Eine Reihe von Voraussetzungen müssen jedoch erfüllt sein, damit afghanische Angehörige über das geplante Programm nach Thüringen kommen können. Unter anderem werden verwandtschaftliche Beziehungen zu Menschen verlangt, die in Thüringen aufenthaltsberechtigt sind und die selbst oder durch Dritte "bereit und in der Lage sind, den Lebensunterhalt ihrer Verwandten während des Aufenthalts in Deutschland zu sichern", heißt es in der geplanten Anordnung. Laut Adams können solche Bürgschaften auch Dritte, also zum Beispiel Vereine, übernehmen.
Die Angehörigen in Thüringen müssen einen Aufenthaltstitel haben und sich schon mindestens seit einem Jahr in Deutschland aufhalten. Außerdem müssen sie ihren Hauptwohnsitz seit mindestens sechs Monaten in Thüringen haben.
Die Einreisewilligen können sich der Anordnung zufolge noch in Afghanistan aufhalten oder in einem der Anrainerstaaten Iran, Pakistan, Tadschikistan, Turkmenistan, Usbekistan oder China. Das alles gilt aber nur unter der Voraussetzung, dass sich Thüringen mit dem Bundesinnenministerium einigen kann.
Die Aufenthaltserlaubnis soll nach der geplanten Anordnung zunächst für zwei Jahre erteilt werden. Mit ihr könnten die Eingereisten in Deutschland auch eine Arbeitsstelle annehmen.
Angehörige, die wegen Delikten, die auch in Deutschland eine Straftat wären, verurteilt wurden, sollen nicht über das Programm nach Thüringen kommen können. Dafür sieht der Entwurf eine Ausschlussklausel vor. Auch Menschen, bei denen es Anhaltspunkte gibt, dass sie in Verbindung mit kriminellen oder terroristischen Vereinigungen stehen, sollen nicht an dem Programm teilnehmen dürfen.
Den Plänen zufolge soll das Programm zunächst zeitlich beschränkt sein: Anträge könnten demnach nur bis 31. Dezember 2022 gestellt werden.

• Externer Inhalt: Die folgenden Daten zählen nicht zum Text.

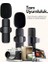 Kablosuz Yaka Mikrofonu Type-C 2 Adet Mini Mikrofon Youtube/tiktok/reels/podcast Çekim Mikrofonu 2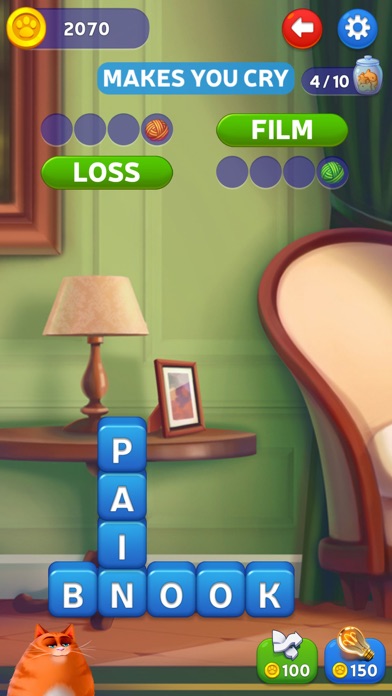 Kitty Scramble: Word Stacks screenshot 2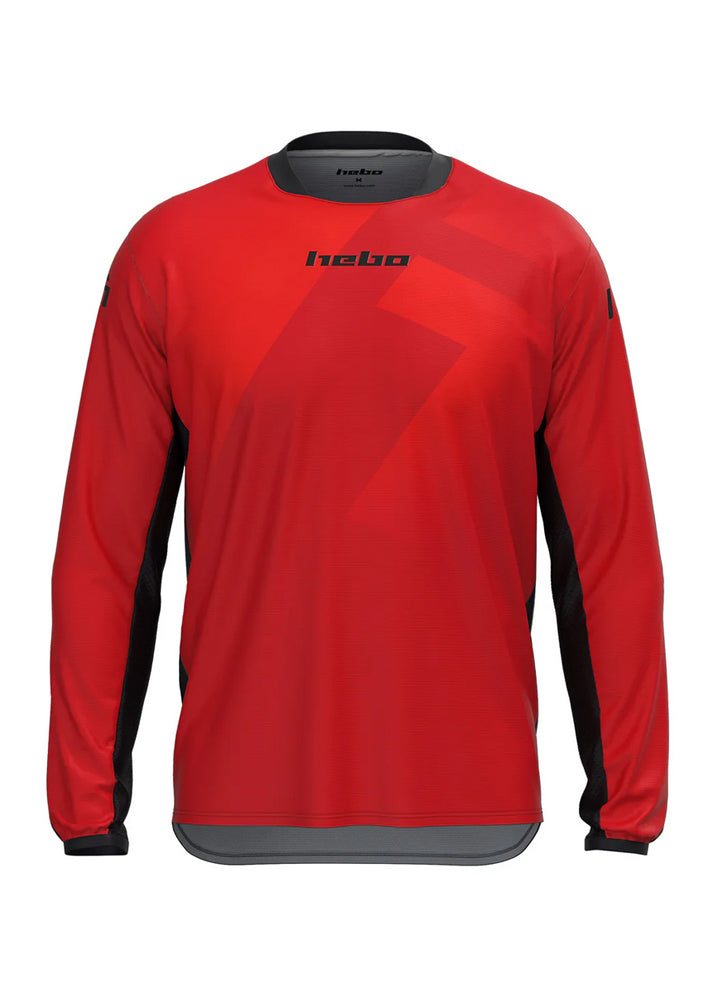 Hebo Tech Jersey - Rot Frontansicht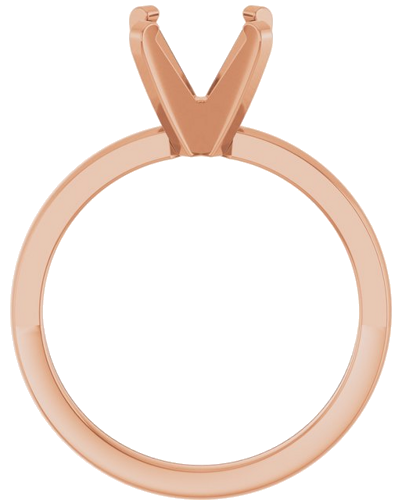 14K Rose 7.8-8.6 mm Round Solitaire Engagement Ring Mounting (2)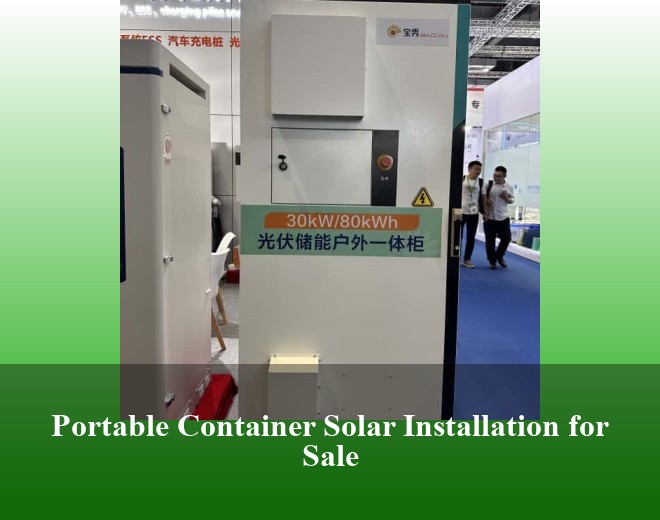 Portable Container Solar Installation for Sale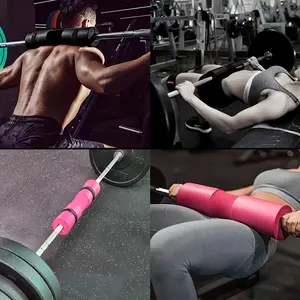 Unisex Barbell Sleeve with Sponge Padding, Thick Fitness Equipment Protector, Deep Squat Neck Support, Shoulder Protection Included, Muscle Training Equipment, Exercise Equipment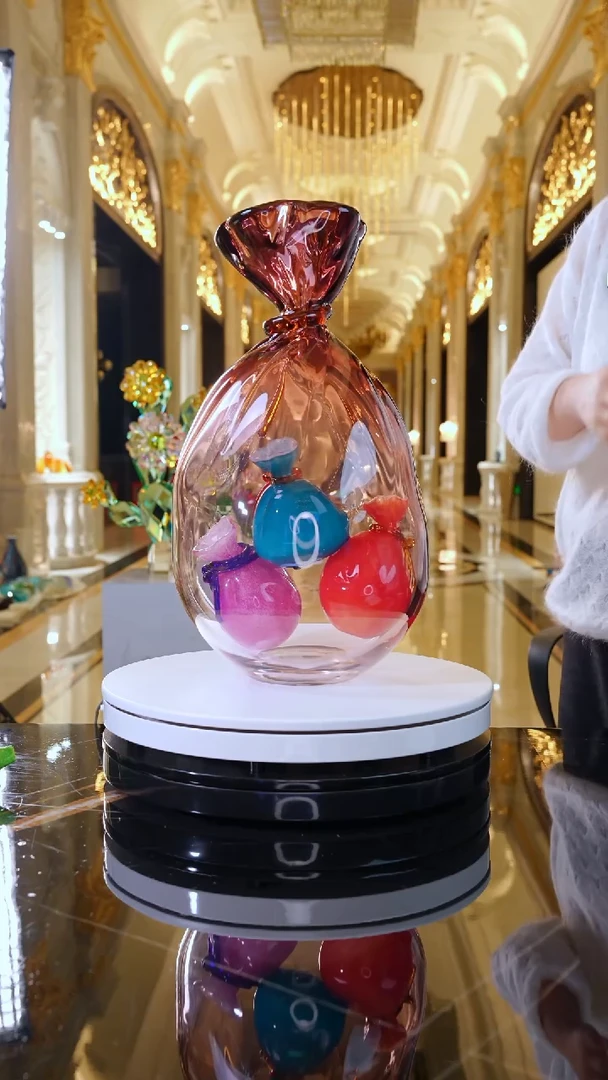 琉璃福袋艺术摆件C229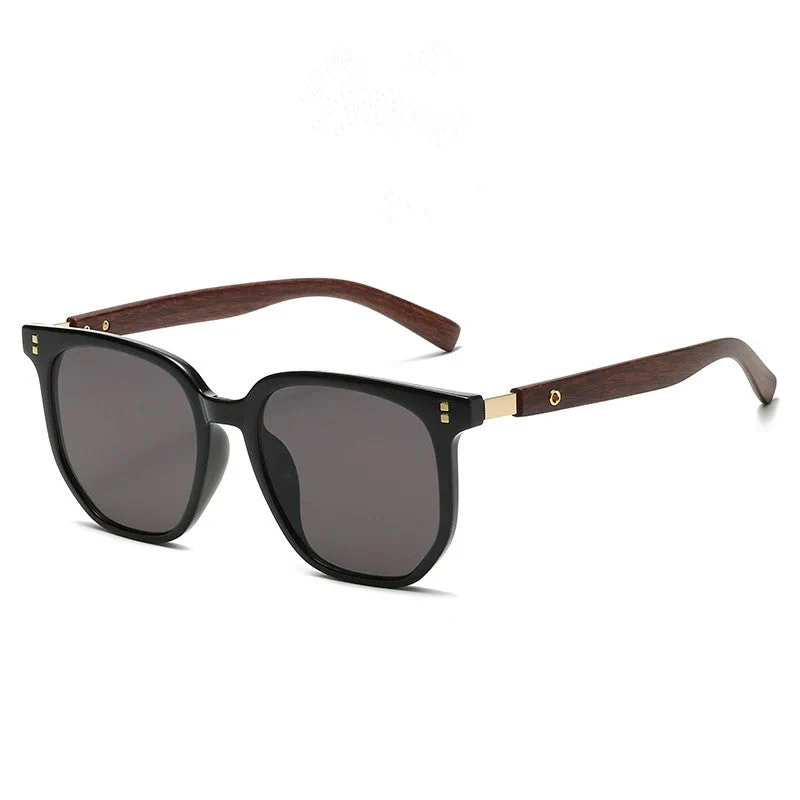 Isla Geometric Frame Sunglasses | Wood Temples Sunglasses - Image 5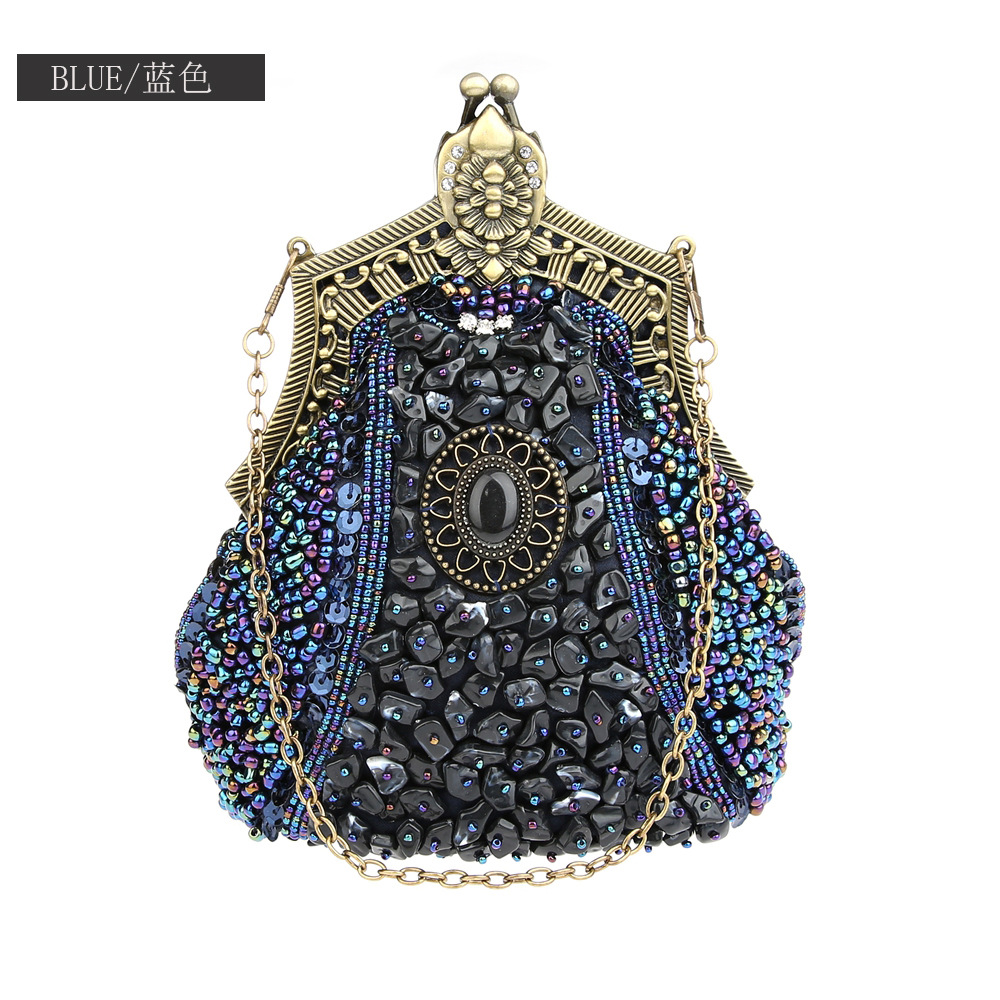 Retro Fashion Pearl Sequin Bea - Evening Bag Beaded review and price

Adams erinnerte daran, dass über das Programm für syrische Flüchtlinge pro Jahr durchschnittlich etwa 200 Menschen nach Thüringen gekommen seien. Dies zu erreichen sei auch diesmal die Zielsetzung.
Die Fraktionen von Linke, SPD und Grünen begrüßten das geplante Landesaufnahmeprogramm, wobei die Linke Nachbesserungen forderte. Es müsse eine Möglichkeit der digitalen Visumsbeantragung geschaffen werden, verlangte der migrationspolitische Sprecher der Linke-Fraktion, Patrick Beier. Grünen-Fraktionschefin Astrid Rothe-Beinlich sprach sich dafür aus, zusätzlich zum Familiennachzugsprogramm ein Aufnahmeangebot für Schutzbedürftige Personen aus Afghanistan auf den Weg zu bringen.
Die geschäftsführende Landesmigrationsbeauftragte Annett Roswora forderte ein Aufnahmeprogramm des Bundes für afghanische Flüchtlinge. "Viele Menschen müssen jetzt alles riskieren, um aus Afghanistan zu kommen und ihr Leben zu retten", sagte Roswora. Man dürfe die Nachbarstaaten Afghanistans damit nicht alleine lassen.